Supplied data -
....

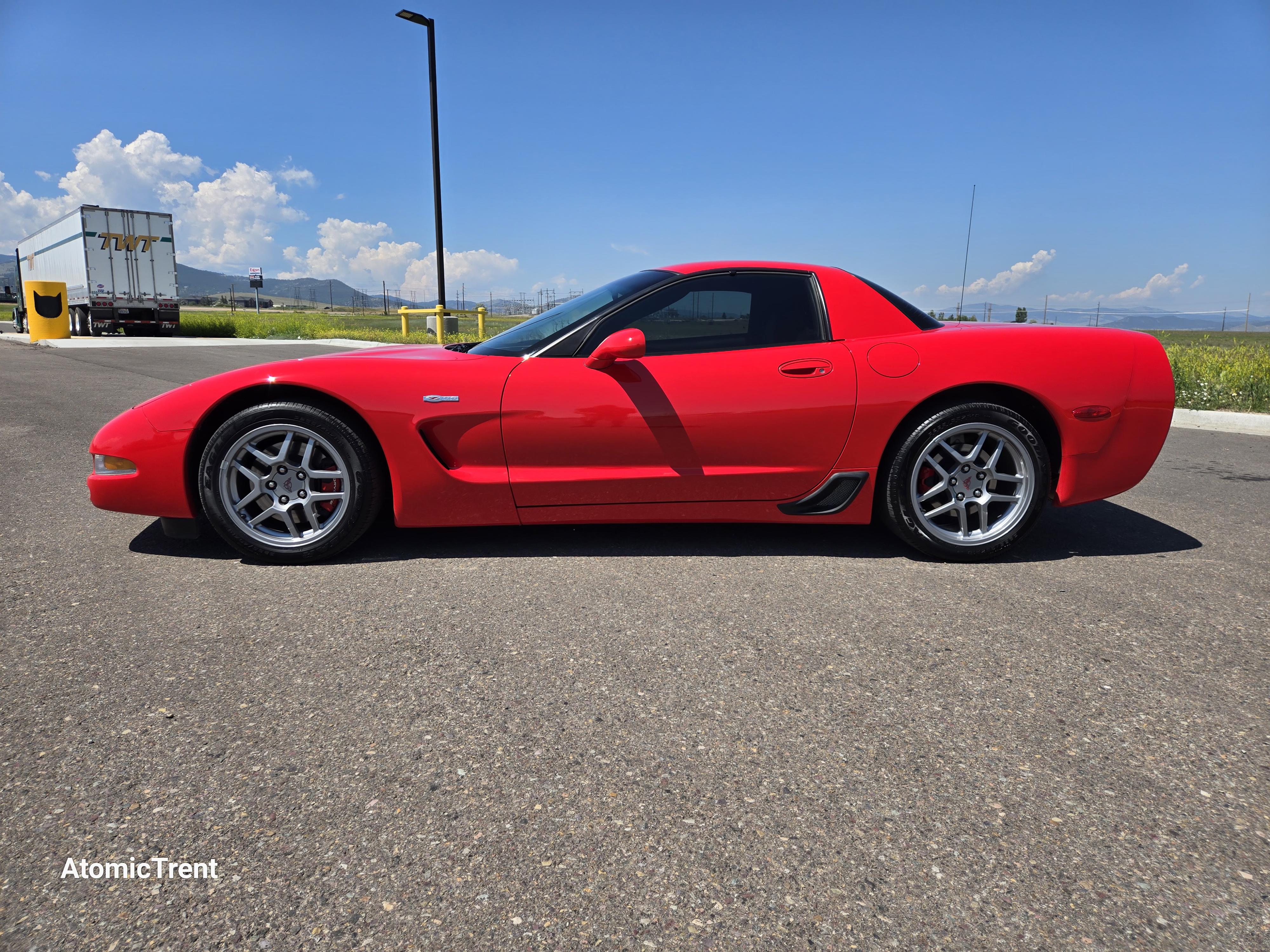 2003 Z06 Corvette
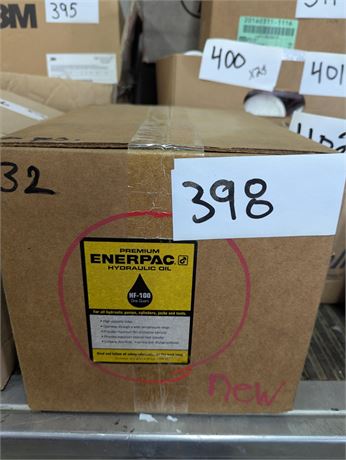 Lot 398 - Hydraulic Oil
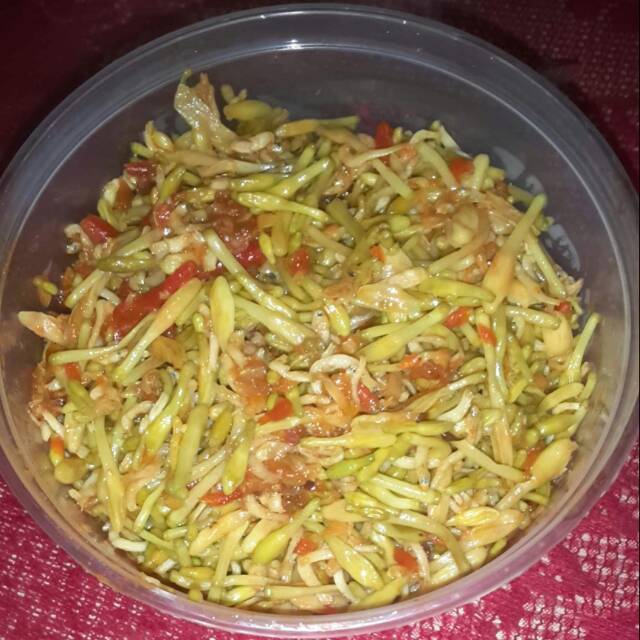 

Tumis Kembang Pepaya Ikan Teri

....

Action item - Please give the material above again in full, with no pictures in your version.

Response -
 2003 Z06 Corvette
 Lot 398 - Hydraulic Oil

Tumis Kembang Pepaya Ikan Teri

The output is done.